**Aim of the exercise**: Lines where the string "Shirt" appears are to be copied from the entries below.

**Data shown**:
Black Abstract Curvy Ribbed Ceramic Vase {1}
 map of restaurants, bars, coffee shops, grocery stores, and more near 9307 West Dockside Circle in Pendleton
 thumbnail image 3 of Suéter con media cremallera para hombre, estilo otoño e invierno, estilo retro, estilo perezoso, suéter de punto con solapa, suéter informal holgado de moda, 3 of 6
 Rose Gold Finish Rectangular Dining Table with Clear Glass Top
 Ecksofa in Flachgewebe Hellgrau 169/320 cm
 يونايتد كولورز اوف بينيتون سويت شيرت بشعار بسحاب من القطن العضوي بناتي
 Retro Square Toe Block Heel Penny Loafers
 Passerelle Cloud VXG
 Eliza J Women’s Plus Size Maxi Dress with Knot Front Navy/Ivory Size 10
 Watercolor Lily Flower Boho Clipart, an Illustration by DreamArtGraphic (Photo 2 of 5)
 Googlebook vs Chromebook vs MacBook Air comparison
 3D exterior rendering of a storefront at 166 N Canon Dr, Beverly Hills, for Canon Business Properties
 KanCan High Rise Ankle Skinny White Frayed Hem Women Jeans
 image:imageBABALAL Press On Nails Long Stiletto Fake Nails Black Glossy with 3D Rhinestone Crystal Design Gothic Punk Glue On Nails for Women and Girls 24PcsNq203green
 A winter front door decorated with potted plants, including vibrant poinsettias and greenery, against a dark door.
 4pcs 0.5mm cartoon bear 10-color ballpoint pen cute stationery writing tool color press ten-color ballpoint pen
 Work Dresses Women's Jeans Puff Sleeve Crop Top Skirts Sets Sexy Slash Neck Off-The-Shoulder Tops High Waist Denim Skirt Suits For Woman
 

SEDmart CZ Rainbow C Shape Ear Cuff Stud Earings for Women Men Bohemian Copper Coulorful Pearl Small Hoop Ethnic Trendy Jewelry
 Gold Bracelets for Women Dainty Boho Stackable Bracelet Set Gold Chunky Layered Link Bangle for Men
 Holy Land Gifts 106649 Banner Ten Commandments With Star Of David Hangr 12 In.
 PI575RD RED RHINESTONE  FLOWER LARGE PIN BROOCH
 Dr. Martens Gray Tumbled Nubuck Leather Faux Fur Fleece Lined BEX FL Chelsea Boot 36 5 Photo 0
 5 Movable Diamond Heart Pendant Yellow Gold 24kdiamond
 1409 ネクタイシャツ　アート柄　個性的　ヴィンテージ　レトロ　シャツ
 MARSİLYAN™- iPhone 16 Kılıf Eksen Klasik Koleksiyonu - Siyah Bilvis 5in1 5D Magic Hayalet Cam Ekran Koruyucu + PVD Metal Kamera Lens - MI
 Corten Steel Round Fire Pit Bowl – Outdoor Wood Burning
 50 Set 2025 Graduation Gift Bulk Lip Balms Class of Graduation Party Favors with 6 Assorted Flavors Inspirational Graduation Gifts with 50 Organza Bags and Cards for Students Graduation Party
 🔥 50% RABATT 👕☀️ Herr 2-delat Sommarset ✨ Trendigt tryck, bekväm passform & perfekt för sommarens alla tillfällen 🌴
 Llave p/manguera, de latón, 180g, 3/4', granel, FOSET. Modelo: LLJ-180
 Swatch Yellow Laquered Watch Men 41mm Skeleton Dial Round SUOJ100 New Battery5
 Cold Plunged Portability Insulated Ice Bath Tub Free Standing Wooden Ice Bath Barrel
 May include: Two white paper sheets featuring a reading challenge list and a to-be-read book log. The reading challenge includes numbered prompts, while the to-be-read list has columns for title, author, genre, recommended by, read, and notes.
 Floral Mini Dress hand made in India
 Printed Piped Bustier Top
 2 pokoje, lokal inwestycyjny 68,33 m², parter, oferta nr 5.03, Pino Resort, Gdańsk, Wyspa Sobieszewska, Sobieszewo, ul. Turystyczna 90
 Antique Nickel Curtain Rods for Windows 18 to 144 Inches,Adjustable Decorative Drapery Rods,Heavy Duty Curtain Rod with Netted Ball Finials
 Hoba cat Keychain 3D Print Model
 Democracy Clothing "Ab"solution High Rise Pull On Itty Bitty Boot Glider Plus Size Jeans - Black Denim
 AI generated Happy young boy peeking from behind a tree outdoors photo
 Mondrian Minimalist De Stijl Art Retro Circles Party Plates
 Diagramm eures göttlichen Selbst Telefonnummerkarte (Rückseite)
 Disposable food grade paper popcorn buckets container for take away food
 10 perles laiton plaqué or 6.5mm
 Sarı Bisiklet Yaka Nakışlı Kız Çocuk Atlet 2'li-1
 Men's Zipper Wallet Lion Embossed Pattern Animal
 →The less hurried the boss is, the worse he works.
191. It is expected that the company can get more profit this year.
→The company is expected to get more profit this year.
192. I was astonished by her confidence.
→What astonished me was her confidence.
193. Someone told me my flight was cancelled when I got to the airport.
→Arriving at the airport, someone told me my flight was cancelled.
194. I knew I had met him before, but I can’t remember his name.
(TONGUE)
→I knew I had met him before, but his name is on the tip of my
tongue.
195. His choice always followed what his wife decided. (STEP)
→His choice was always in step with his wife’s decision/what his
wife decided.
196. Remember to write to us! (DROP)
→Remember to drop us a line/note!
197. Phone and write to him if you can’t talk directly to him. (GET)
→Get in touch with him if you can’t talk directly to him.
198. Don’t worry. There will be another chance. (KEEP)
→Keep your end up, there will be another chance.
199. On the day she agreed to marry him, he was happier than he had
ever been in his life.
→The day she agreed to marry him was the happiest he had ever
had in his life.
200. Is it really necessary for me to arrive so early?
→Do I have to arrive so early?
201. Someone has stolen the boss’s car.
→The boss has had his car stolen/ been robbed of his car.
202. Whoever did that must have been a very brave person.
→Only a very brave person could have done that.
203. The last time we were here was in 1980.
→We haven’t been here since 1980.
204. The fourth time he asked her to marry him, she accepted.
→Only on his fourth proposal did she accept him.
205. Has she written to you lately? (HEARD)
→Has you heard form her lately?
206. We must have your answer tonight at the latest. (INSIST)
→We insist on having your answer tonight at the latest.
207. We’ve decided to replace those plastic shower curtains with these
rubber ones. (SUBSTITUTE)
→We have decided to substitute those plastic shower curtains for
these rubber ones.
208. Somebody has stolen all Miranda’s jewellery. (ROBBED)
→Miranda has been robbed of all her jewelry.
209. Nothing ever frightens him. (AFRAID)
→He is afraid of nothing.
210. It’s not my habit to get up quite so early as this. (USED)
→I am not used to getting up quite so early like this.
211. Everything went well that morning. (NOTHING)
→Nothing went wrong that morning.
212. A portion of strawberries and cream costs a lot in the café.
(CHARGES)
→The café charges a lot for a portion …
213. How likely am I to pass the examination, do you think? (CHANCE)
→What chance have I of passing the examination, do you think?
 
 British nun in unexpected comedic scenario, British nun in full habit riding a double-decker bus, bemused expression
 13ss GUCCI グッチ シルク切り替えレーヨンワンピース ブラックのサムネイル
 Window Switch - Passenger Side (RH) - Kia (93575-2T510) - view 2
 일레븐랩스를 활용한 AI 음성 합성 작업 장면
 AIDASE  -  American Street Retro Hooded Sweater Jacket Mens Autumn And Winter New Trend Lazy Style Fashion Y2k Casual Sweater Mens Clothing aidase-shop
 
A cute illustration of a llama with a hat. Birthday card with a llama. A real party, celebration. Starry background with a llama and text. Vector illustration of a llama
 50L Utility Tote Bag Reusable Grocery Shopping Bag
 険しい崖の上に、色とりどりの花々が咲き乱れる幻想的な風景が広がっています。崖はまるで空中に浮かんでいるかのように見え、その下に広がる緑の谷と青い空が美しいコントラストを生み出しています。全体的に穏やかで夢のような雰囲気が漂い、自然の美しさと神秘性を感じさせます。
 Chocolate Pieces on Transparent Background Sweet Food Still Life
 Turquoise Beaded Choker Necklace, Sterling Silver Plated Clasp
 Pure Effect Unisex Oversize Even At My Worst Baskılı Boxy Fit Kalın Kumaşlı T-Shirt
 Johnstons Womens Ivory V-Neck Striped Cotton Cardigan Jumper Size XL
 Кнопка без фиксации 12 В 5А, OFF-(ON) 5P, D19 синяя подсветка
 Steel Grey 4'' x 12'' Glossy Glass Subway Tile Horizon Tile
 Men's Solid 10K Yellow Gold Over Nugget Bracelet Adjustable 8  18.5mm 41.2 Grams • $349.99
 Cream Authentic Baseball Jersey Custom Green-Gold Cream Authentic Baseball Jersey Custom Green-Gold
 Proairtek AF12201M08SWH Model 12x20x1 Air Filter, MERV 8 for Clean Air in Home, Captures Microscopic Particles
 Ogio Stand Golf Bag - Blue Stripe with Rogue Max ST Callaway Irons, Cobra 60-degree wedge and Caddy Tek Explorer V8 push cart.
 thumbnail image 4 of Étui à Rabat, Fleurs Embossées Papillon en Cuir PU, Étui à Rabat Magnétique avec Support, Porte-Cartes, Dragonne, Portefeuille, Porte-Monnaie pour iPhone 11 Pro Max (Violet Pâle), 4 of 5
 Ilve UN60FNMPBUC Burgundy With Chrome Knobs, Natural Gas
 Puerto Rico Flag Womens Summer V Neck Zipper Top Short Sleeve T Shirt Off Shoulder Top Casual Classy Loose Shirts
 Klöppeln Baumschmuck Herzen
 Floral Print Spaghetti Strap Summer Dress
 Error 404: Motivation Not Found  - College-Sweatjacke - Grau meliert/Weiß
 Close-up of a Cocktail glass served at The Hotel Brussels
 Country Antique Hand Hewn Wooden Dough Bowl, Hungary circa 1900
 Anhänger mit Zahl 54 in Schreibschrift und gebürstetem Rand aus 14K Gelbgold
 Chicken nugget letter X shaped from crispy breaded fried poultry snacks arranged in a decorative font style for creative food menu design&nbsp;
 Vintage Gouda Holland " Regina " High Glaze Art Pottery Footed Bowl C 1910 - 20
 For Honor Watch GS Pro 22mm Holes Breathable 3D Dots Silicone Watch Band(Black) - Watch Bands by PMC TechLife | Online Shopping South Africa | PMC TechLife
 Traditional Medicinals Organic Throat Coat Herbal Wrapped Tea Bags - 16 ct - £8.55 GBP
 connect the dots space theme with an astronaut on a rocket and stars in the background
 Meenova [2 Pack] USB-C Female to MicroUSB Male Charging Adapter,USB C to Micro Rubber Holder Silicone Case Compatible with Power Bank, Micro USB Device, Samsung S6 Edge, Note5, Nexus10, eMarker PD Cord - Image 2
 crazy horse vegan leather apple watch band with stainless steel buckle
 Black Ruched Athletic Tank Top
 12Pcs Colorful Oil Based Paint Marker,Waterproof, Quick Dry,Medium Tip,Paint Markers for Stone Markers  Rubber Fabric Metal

**Answer for this exercise**:
 Pure Effect Unisex Oversize Even At My Worst Baskılı Boxy Fit Kalın Kumaşlı T-Shirt
 Puerto Rico Flag Womens Summer V Neck Zipper Top Short Sleeve T Shirt Off Shoulder Top Casual Classy Loose Shirts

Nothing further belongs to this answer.